May 27 2013 at 9:11pm
I think the use of the word “irrational” is the more disagreeable word in the two paragraphs. Perhaps “foolish” is a better description, but it doesn’t seem irrational for Coca Cola to lobby to boost its sales, food stamp recipients to want subsidization and more consumer choice, and for politicians to accrue votes/donations as a result of appearing to care for the poor.
Lee Waaks
May 28 2013 at 12:53pm
Mr. Henderson,
You were correct to single out the word “we” in Mr. Allison’s post (excellent essay on Antiwar.com, by the way!). However, you should have singled out the word “irrational” as well. That word is overused and abused. No economic actor is irrational; we all have rational goals/preferences. Unfortunately, too many pursue goals/preferences that result in impositions upon others. This behavior is not irrational, just abusive. See the _Myth of the Closed Mind_ (Ray Percival) for a more detailed exposition of human rationality.
Jake
May 28 2013 at 1:11pm
Prof. Henderson, your Who is ‘We’? essay is terrific. Thanks for the link!
A6
May 28 2013 at 8:01pm
Brianna writes:
“That’s not really fair, getting annoyed at him over something as simple as the use of the word ‘we.’ Even in a world where we understand that the individual comes first, there is still such a thing as a society, and a need for a way to refer to the actions of that society in concert.”
Who is this “we” who understands that the individual comes first?
guthrie
May 29 2013 at 1:03pm
I second Jake.
My favorite concepts (cobbled together):
“The great tragedy of collectivism, the organic view of society, is that it makes people heartless – they become incapable of seeing the real losses and hurts inflicted on innocent people because they stop seeing them as individuals… [c]ollectivism is the ugliest ideology in the world. It has been directly responsible for well over 100 million deaths in the 20th century.”
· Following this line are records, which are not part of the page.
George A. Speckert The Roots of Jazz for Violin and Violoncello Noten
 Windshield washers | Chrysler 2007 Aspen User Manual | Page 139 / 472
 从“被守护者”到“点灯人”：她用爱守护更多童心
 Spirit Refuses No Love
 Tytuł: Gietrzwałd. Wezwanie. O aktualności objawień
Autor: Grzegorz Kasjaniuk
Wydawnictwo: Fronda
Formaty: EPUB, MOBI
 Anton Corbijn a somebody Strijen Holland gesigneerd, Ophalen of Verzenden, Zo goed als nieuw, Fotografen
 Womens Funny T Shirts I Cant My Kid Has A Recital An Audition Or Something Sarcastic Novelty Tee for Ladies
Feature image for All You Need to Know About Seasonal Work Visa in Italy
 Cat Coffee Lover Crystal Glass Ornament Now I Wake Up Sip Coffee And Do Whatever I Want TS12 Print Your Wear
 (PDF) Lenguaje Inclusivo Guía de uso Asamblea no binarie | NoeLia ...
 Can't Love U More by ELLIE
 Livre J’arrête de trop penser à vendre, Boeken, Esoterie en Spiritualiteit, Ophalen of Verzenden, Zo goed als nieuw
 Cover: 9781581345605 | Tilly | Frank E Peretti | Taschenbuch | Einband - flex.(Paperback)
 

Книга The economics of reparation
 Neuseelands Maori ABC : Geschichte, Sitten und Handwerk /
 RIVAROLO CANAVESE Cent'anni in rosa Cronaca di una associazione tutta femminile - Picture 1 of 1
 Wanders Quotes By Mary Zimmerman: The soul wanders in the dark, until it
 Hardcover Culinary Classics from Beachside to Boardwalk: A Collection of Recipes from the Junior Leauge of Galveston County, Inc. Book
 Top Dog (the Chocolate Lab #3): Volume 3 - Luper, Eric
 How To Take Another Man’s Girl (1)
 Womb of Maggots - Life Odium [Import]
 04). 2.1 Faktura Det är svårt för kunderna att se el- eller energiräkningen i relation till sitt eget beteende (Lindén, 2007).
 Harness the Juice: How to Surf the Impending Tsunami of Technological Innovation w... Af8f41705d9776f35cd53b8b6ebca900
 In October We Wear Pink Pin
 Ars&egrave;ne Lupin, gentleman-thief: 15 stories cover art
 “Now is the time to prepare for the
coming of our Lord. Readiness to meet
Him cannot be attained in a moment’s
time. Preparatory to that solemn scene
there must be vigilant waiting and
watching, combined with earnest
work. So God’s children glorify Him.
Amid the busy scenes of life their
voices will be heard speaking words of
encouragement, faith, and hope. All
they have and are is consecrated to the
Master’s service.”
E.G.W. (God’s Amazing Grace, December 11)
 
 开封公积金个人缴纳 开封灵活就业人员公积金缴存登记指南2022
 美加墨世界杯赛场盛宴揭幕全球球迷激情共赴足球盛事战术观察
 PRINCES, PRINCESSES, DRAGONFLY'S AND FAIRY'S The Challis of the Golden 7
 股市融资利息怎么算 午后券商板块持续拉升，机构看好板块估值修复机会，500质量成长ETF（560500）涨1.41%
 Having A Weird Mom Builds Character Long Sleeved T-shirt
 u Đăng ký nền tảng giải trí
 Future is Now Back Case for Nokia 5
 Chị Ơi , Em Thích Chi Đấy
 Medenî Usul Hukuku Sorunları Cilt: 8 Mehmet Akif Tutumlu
Ken B, if your ’emergent entities’ concept logically concludes a collectivist approach to governance, then I would suggest there is little difference between your conception and those which have scourged humanity for the last 100+ years. What might be the difference?
Ken B
May 29 2013 at 3:46pm
guthrie:
Governance is logically “collective” isn’t it? If I am the only person I don’t need much governance. But the need for governance does not even logically imply the need for government, much less the need for Stalin. So stating a plain fact really does not make a nazi communist collectivst guthrie.
An interesting example is language. If I shout “Fire” in a crowded theatre then I do no harm if I live in far off Panopsopis, where the syllable “fire” connotes approval. They use “bravo” to warn of flames. Please explain that without reference to cultural concepts.